Water (ρ = 998 kg/m³) flows at 2.5 m/s through a 150 mm pipe, 100 m long, with a Darcy friction factor of 0.020. g = 9.80665 m/s².

01L/D = 100 / 0.15 = 666.7
02Velocity head = v²/(2g) = 2.5² / (2 × 9.80665) = 0.3187 m
03h_f = f × (L/D) × v²/(2g) = 0.020 × 666.7 × 0.3187 = 4.25 m
04ΔP = ρ·g·h_f = 998 × 9.80665 × 4.25 ≈ 41,600 Pa ≈ 41.6 kPa

Result

Friction head ≈ 4.25 m; pressure drop ≈ 41.6 kPa for the 100 m run.

Common mistakes

•Mixing up the Darcy and Fanning friction factors — they differ by a factor of 4. The Darcy-Weisbach equation above uses the Darcy factor; if your chart or correlation gives Fanning, multiply by 4 first.
•Forgetting that f itself depends on velocity (through Reynolds number) — you cannot treat f as a fixed constant across the whole operating range.
•Using inconsistent length and diameter units in L/D — both must be in the same unit so the ratio is dimensionless.
•Applying Darcy-Weisbach to fittings — it covers straight-pipe friction only; fittings are added separately as minor losses.
•Assuming Darcy-Weisbach handles compressible gas with large density change — for that you need a compressible-flow treatment, not a single average density.

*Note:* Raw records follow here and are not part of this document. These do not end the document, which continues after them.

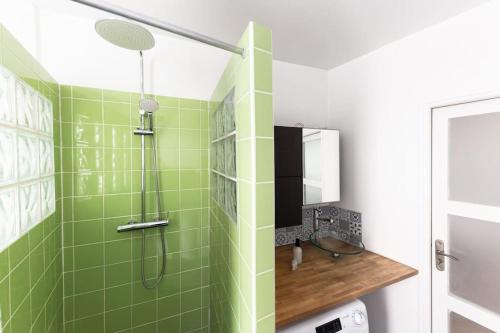 une salle de bain verte avec une douche et un lavabo dans l'établissement Le Canal Flat de Pantin, à Pantin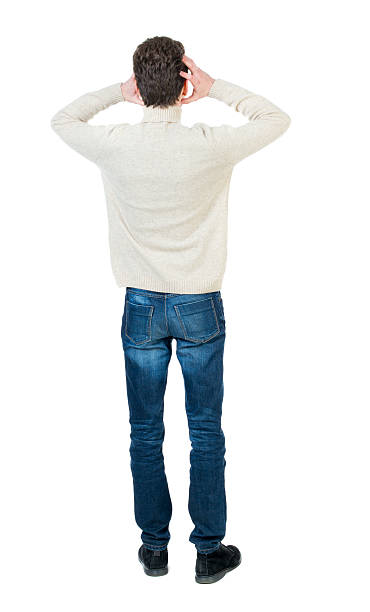 istock Back view of man . Standing young guy. 590139280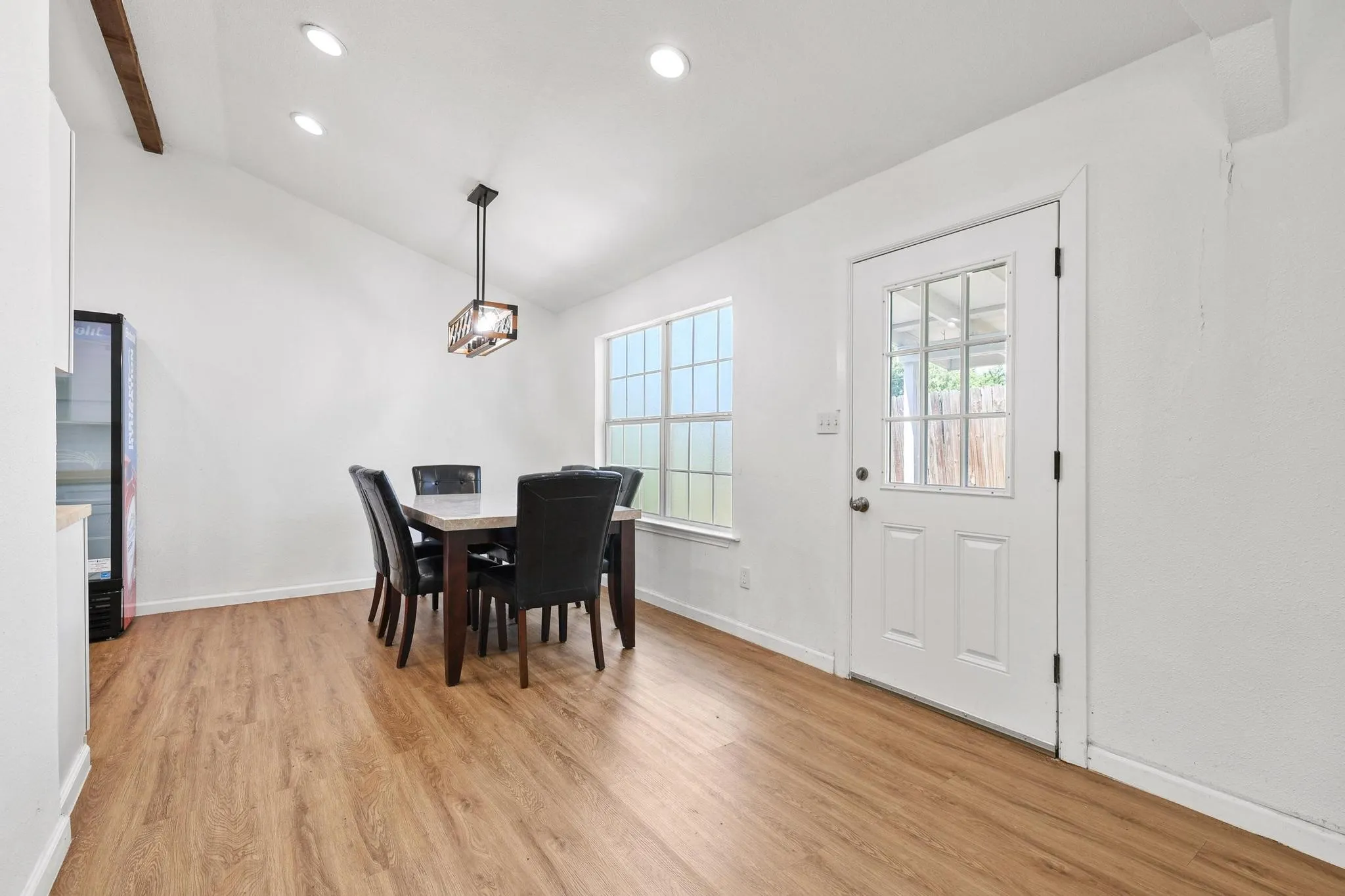 Dining space featuring wood-finish flooring, a vaulted ceiling with recessed lighting, and a modern rectangular chandelier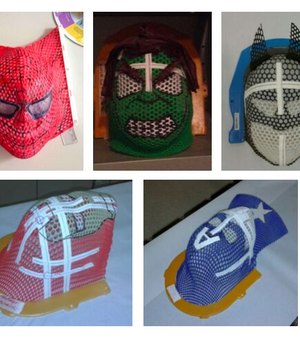 Crianças usam máscaras de seus super-heróis favoritos para fazer radioterapia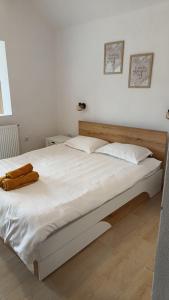 OgradenaCasa colț de rai的卧室配有一张白色大床和木制床头板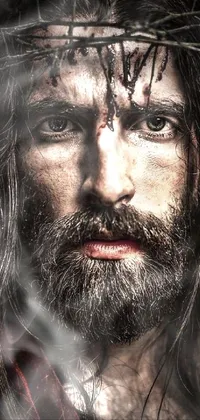 This dynamic phone live wallpaper features an iconic portrait resembling Jesus Christ with a crown of thorns on his head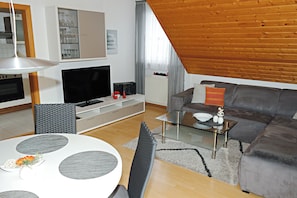A modern living room with a television, sofa, and a dining area with a glass table. - SeeZeit Dingelsdorf - Modern Vacation Rental with Lake Views and Access to Bicycle Trails (Konstanz)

When to use the calculator

Use the Darcy-Weisbach Pressure Drop calculator when you already have a friction factor and want the friction loss for a straight run. Use the Pipe Pressure Drop calculator when you want the friction factor computed for you from flow and fluid properties, and the Friction Factor calculator when you need f on its own.

Darcy-Weisbach Pressure Drop Calculator →Pipe Pressure Drop Calculator →Friction Factor Calculator →Pipe Velocity Calculator →Pipe Head Loss Calculator →

FAQ

What is the difference between Darcy-Weisbach and Hazen-Williams?

Darcy-Weisbach is physically general and works for any fluid, temperature, and roughness through the friction factor. Hazen-Williams is an empirical water-only formula using a C-coefficient, valid only for water near ambient temperature in turbulent flow. For process work with varied fluids, Darcy-Weisbach is the correct default.

Why is the velocity-head term v²/(2g) important?

It is the kinetic energy of the flow per unit weight. Friction loss is a multiple of the velocity head set by f·(L/D). Because the velocity head goes with v², doubling the velocity quadruples the friction loss — the single biggest lever on pressure drop.

How do length and diameter enter the equation?

Through the dimensionless ratio L/D. Loss is linear in length but, once you account for velocity rising as 1/D² at fixed flow, very strongly inverse in diameter. That is why increasing the pipe size is usually the most effective way to cut pressure drop.

Where does the friction factor come from?

From the flow regime and relative roughness: f = 64/Re in laminar flow, and from the Moody chart or a correlation such as Colebrook-White or the explicit Swamee-Jain approximation in turbulent flow. See the Friction Factor Explained guide.